What’s in your life when you have to write about it?  Why do you have to write about your life in the first place?  Is that what you call freedom?  Taking advantage of all the things, big and small, and letting it explode in letters, words, language – wide in the open – to call yourself a chronicler of your own life.  If that even makes sense then perhaps it is also remarkable to affirm that I am one vainglorious son of a gun who exploits the power of the page . . .

. . . to exorcise the horror and covetousness of my tiny, ludicrous life.

These questions, among others, invade my much-cerebral milieu every single day.  I wake up, I estimate my time choosing to masturbate – begin my day – or just shut my eyes and start daydreaming at 8 o’clock in the morning.  Then I realize I have to take a shower – not really caring much about breakfast as my kitchen is the cornucopia of my room; books and things on top of the dining table instead of plates – and that I need to remember all the things I wrote the previous night because in many ways than one, as I stagger down the stairs with my ugly morning face, I may have forgotten what I have actually written.  Or maybe I have stopped caring at all.  Or maybe . . .

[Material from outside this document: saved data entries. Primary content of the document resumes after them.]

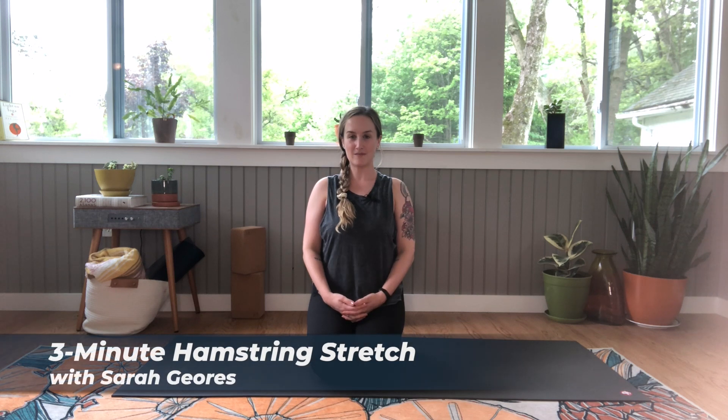Hi everyone, welcome to your Medicine for the Soul two-minute medicine video hamstring stretch. I'm Sarah.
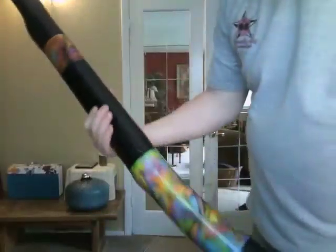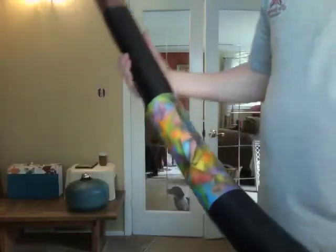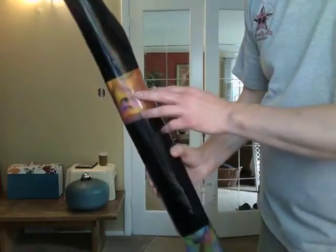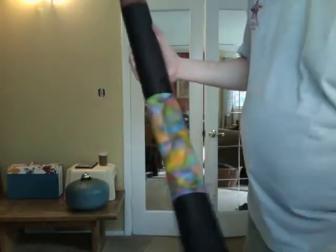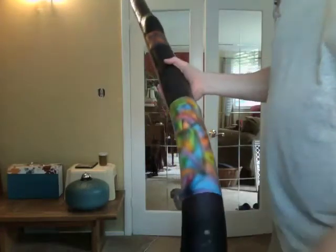Hi again, another didgeridoo for you. I made this in the Key of C out of maple, featuring artwork that I've done in airbrush — sort of a post-modern art deco, industrial thing that I do.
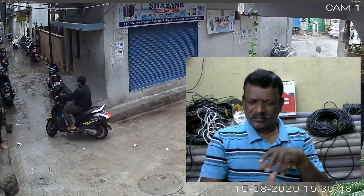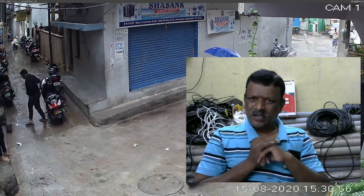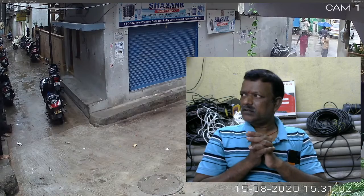Hi friends! If you look at my backside, you can see some movement — that is a CCTV camera I installed in front of my office. This is actually a CCTV camera sales and installation services office. Tomorrow onwards, I am conducting a CCTV camera installation course.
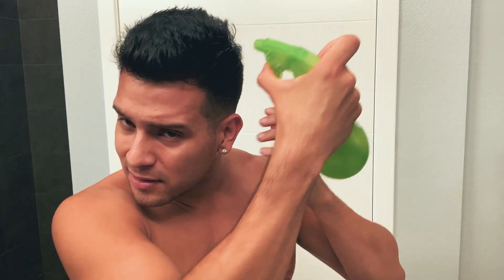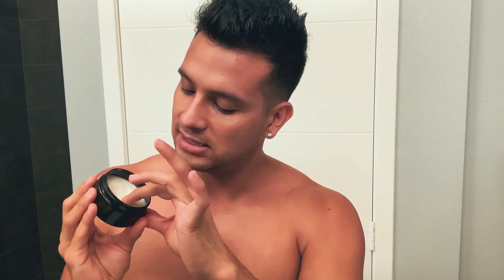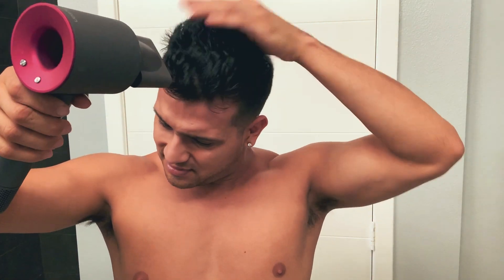Now moving to the Crew Paste on the left — I'm going to spray my hair a little bit to make it slightly wet. I'll use less product because it's a paste, warm it up in my hands, and apply from back to front because it adds more volume. Then blow dry on the highest heat setting with a concentrator tip.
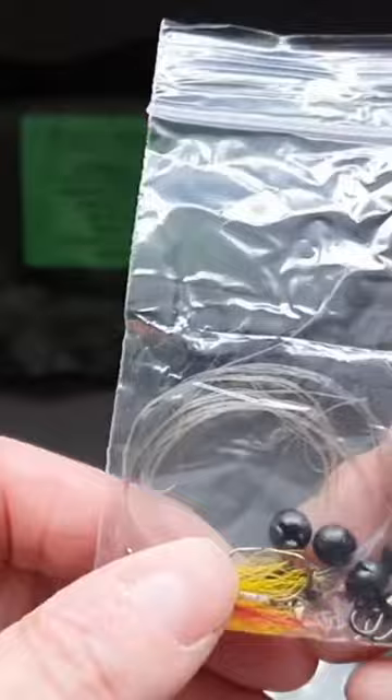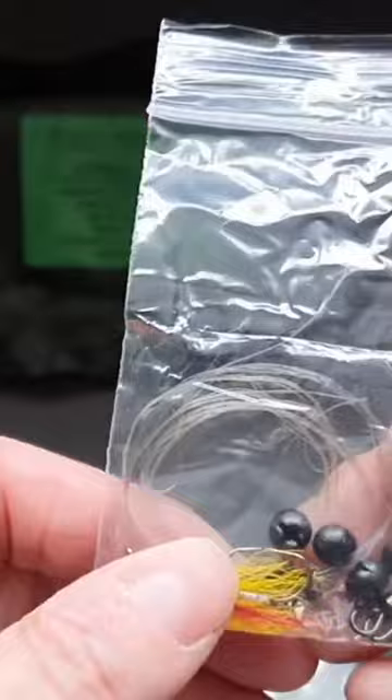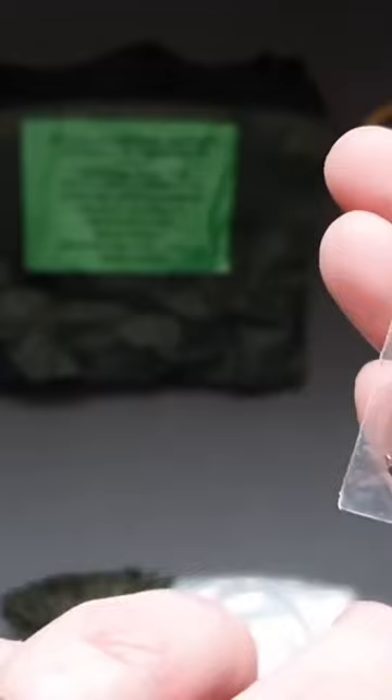My fishing kit appears to include mixed shot, two swivels, some line, two hooks, and a fly as well. We've got a few little hooks in there and a fly — that's not a bad little fishing kit.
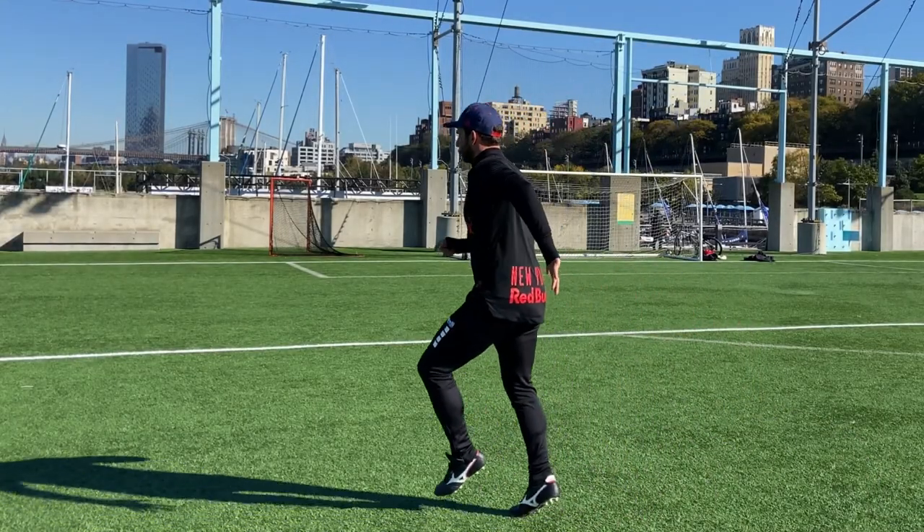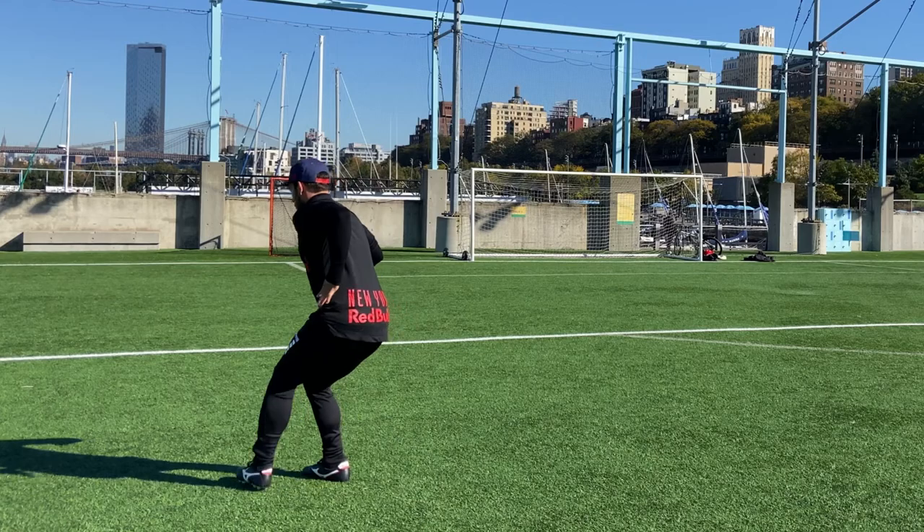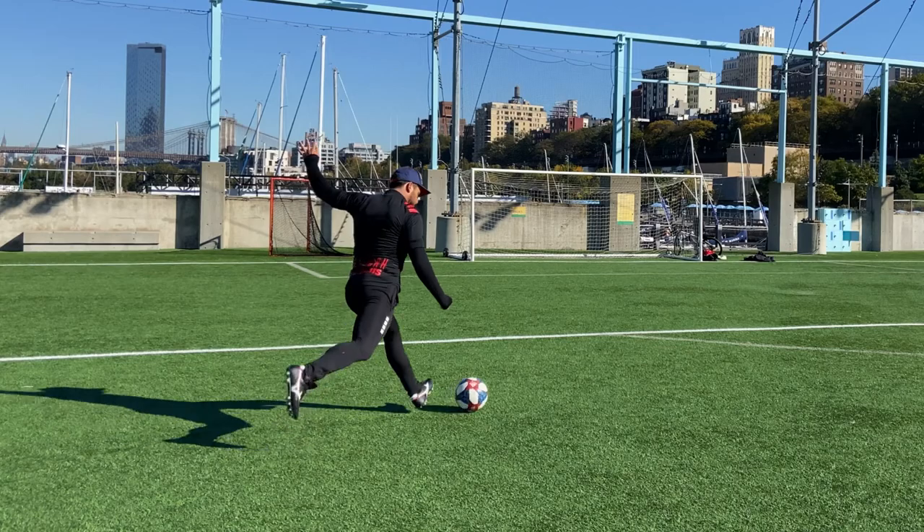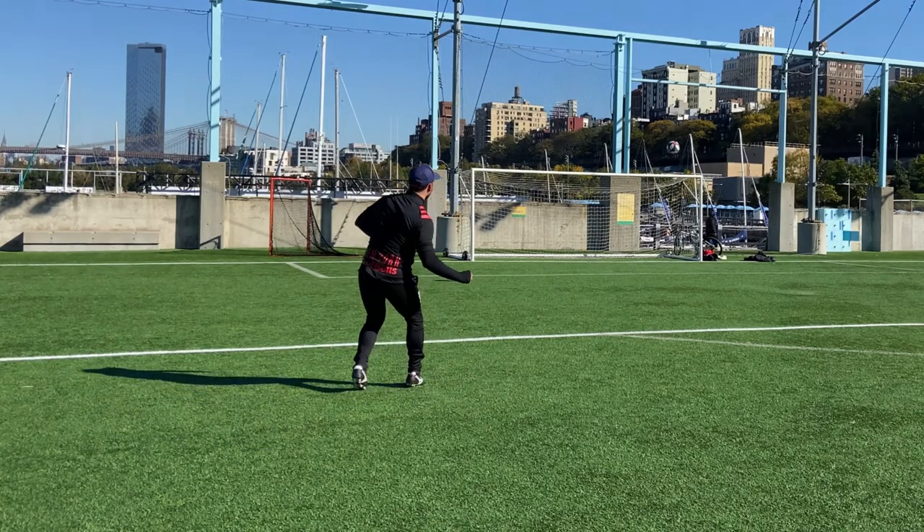Hey guys, it's Ramon here supporting the new Red Bull Train at Home program by bringing you a ball striking series to improve your skills. Today's lesson is scored from beyond the touchline. Let's break it down.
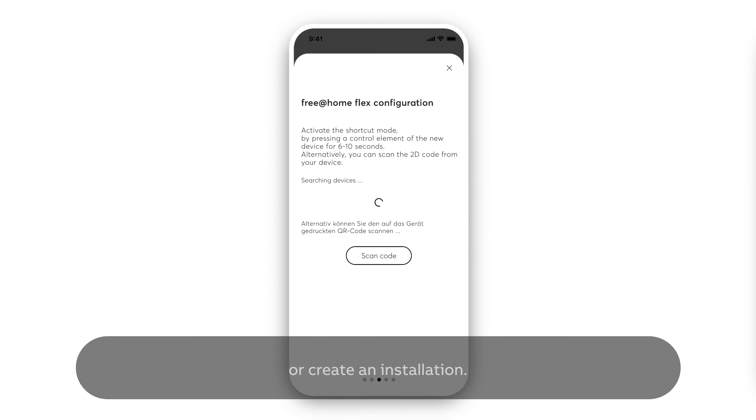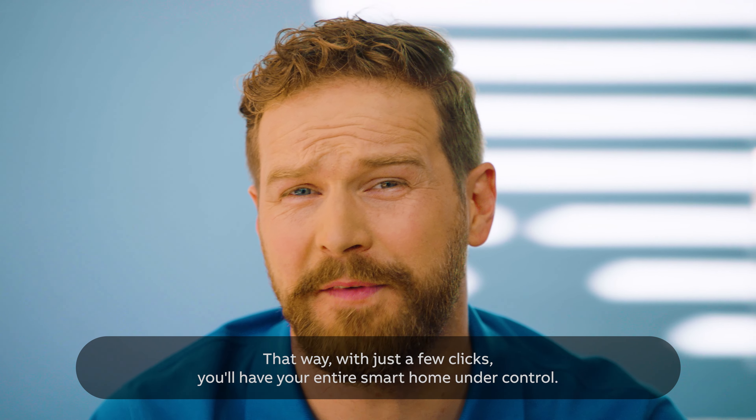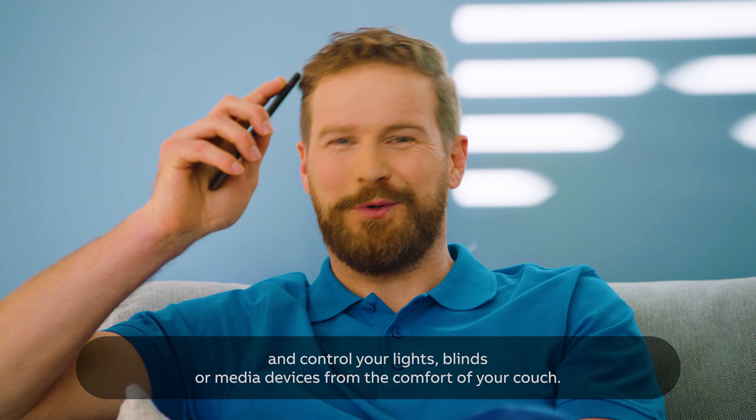Under New Installations, you can add another control element or create an installation. Project transfer from the electrician's cell phone to your smartphone also works effortlessly. That way, with just a few clicks, you'll have your entire smart home under control.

. . . maybe I reached a plain of my old life not really wondering much.  I have begun believing in the concept of Shakespeare’s Much Ado About Nothing.  The hell with little things!  The hell with existence.  I have a day and I have learned to be weirdly happy  (for the day – for the given day even if it’s Wednesday) even in my ugly, scruffy and not-much-ado morning face as I stagger down the stairs to catch my much-needed shower.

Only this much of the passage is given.